The venue was the 6th floor of the new Life Sciences Lab building at UMasss Amherst and there were refreshments upon our arrival.

The first one I saw was Professor Andrew McCallum of the Computer Science Department, who is the Director of the new Data Science Center (and we hosted Andre in our UMass Amherst INFORMS Speaker Series a while back).
He was a terrific master of ceremonies and the visionary and leader behind this endeavor as our Provost, Dr. Katherine Newman emphasized in her remarks. I snapped the photo of them hugging below.
I got to chat with our Vice Chancellor for Research and Engagement Dr. Mike Malone and Professor David Jensen of Computer Science, who also spoke in our series.

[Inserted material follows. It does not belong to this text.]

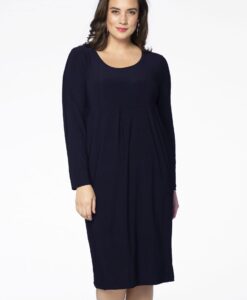Yoek Jurk met zakken | Blauw | Maat 58/60
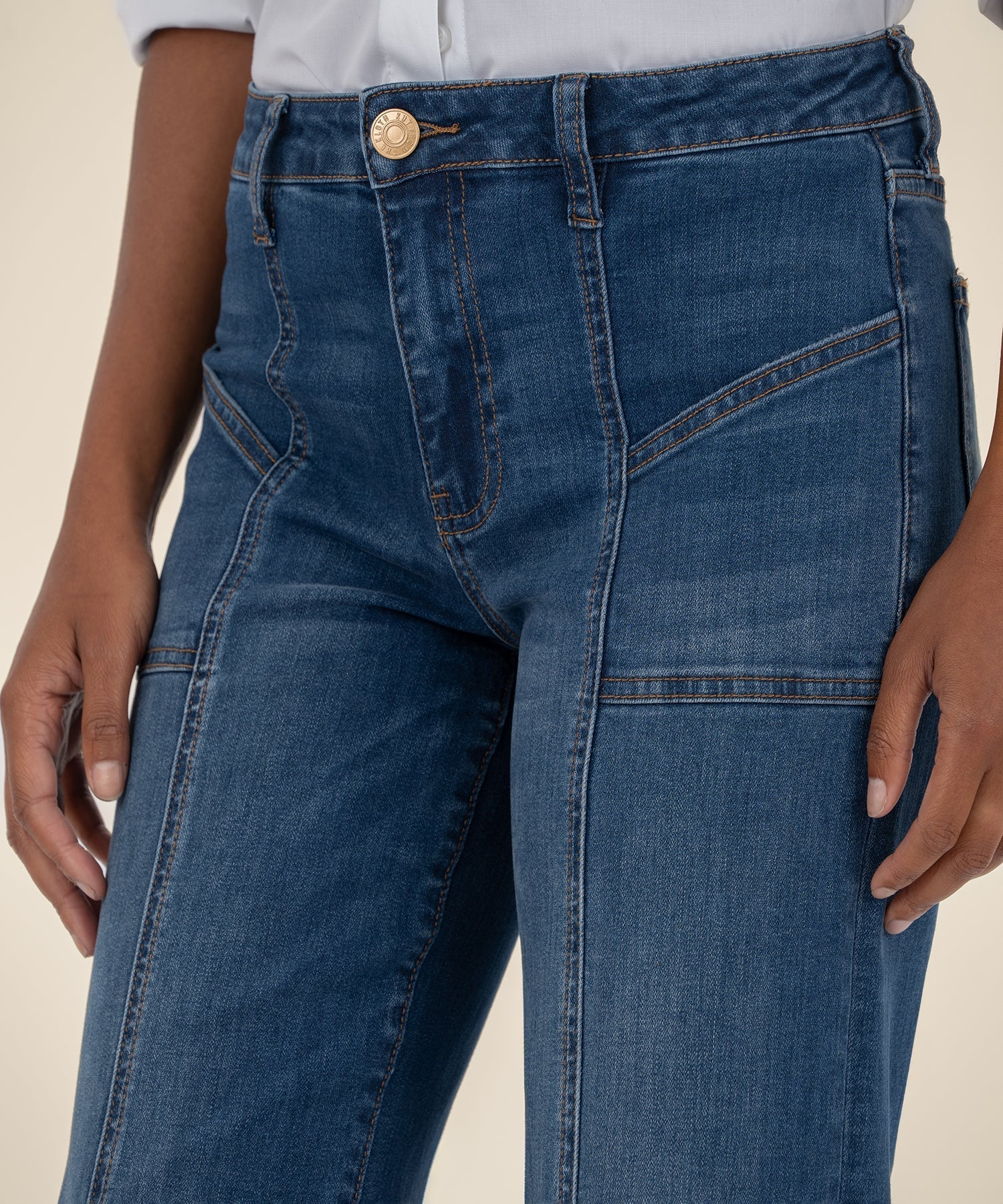 Jean High Rise Wide Front Pockets - Mainstream Boutique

It was great to see my colleagues from Civil and Environmental Engineering, Professors Eleni Chritofa and Eric Gonzales, fellow transportation researchers.

Our Chancellor, Dr. Kumble Subbaswamy and Provost Dr. Katherine Newman had opening remarks as did Professor McCallum.
The keynote was given by Distinguished University Professor Jim Kurose, who is now serving in the CISE Directorate at NSF. He remarked how warm and lovely it was in DC with the cherry blossoms in bloom and then he landed in Bradley Airport and drove to Amherst through a hailstorm. He, as always, had some good jokes including his first presentation as an NSF program officer during which he did not thank the most important person (but thanked others).

I left the event for 2 hours since one of my doctoral students, Sara Saberi, was defending her doctoral dissertation proposal (she passed, so congratulations are in order) and the photo below is of her with the dissertation committee: Professor Adams Steven, Tilman Wolf, and Michael Zink.


 I then came back for the poster session with my doctoral student Shivani Shukla and got to see more colleagues from the College of Engineering and the Isenberg School as well as meeting a professor from Smith College and talking with more Comp Sci professors. Another highpoint was seeing Chris Hill of MIT who came up to me to reminisce about when we were at the U. of Illinois' Supercomputing Center one summer for several weeks - this was very special and I have fond memories of (massively) parallel computing, which I loved to do! Once a programmer, always a programmer!

As Professor Kurose said in his remarks, Congratulations to the Data Science Center,, and on a great launch event.